A further improvement of the drag head should be seen in the presence at the back side of the drag head of the feet 15 hinging with respect to the visor, the useful surface of which, i.e. the base 15', is sufficiently great to guarantee a fixed support on the bottom. By regulating the depth of the feet 15, which are mutually connected by a plate 17 (figure 2), the penetration of the visor and thus of the teeth into the soil is regulated. This allows to regulate the cutting thickness of the teeth and this independently from the water gap. In a possible embodiment, feet 15, with their widened bases 15', are rotatably fitted around hinge point 18. The rotation is effectuated by the action of the hydraulic cylinder 16, with hinge point 18 with respect to the feet 15 and hinge point 19 with respect to the visor. The visor itself is lifted or lowered by the action of hydraulic cylinder 20. The cylinder 20 is rigidly fastened with respect to the suction pipe 1 and is in 21 hingingly connected to fixed parts belonging to the structure of the visor, in order to lift or lower the back wall 3' thereof.

In figure 2, one of the hydraulic cylinders, 22, which controls the water valve 11, is shown.
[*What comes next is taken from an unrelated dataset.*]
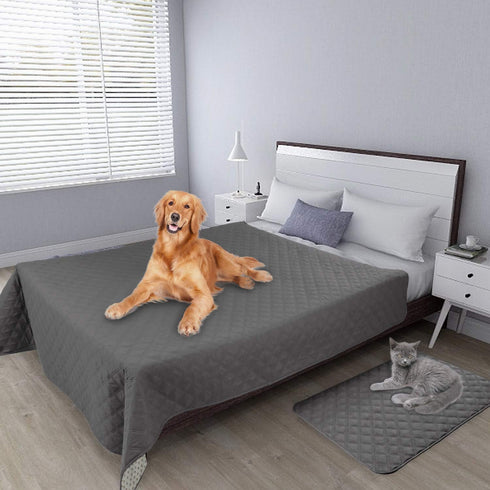 Easy-Going 100% Waterproof Dog Bed Cover, Non-Slip Washable Couch Cover, Replacement Sofa Cover (86x82 in, Gray)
By increasing the operational pressure of the water jets from 10 bars to 20 bars, a clearly better penetration of these water jets may be expected. This forms a further feature of the invention.

By the combination of the different improvements to a drag head of the known type, as explained above, a surprising increase of the efficiency of the new drag head may be expected.

The invention is not limited to the embodiment described herein, and modifications thereof might be applied in as much as they fall within the scope of the attached claims.

Claims

A drag head for a trailing suction hopper dredger which essentially consists of a structure connected to a suction pipe, with a visor (2) rotating around an horizontal axis (6), in which a series of teeth (10) are applied for breaking up the sand, which are arranged along a line which extends perpendicularly with respect to the direction of motion of the drag head, and a first series of jet pipes (9) for injecting water under high pressure, which are arranged along a line parallel to and in front of the line of said teeth, characterized in that at least one second series of jet pipes (12,12') is provided along a line parallel to and behind the line of said teeth.
A drag head as claimed in claim 1, characterized in that said second series of jet pipes is fitted on a water valve (11) in the shape of a water chamber (13), which is hydraulically moveable in a plane extending tangently or substantially tangently to the back wall (3') of the visor.
A drag head as claimed in claim 1 or claim 2, characterized in that the second series of jet pipes (12) is subdivided into jet pipes (12) directed at the inside of the visor and jet pipes (12') which are directed vertically or substantially vertically downwards.
A drag head as claimed in claim 3, characterized in that the jet pipes (12) directed at the inside of the visor are directed to above the teeth (10).
A drag head as claimed in any of claims 1-4, characterized in that above said visor (2), together with above said suction pipe (1) is equipped with adjustable feet (15), the useful surface (15') of which is sufficiently great to get support on the bottom, whereto the visor, at the bottom of the side walls 3' is equipped with knife-shaped wear strips (14), which are sufficiently thin so as to penetrate into the bottom and to ensure the desired lateral sealing.
A drag head as claimed in any of claims 1-5, characterized in that the second series of jet pipes (12, 12') is mounted at the height of the back wall (3') of the visor.
A drag head as claimed in any of claims 1-6, characterized in that the second series of jet pipes (12, 12') is mounted immediately behind the teeth (10).
A process for dredging with a trailing suction hopper dredger equipped with a drag head according to any one of claims 1-7, characterised in that the pressure in the jet pipes is increased to 20 bars.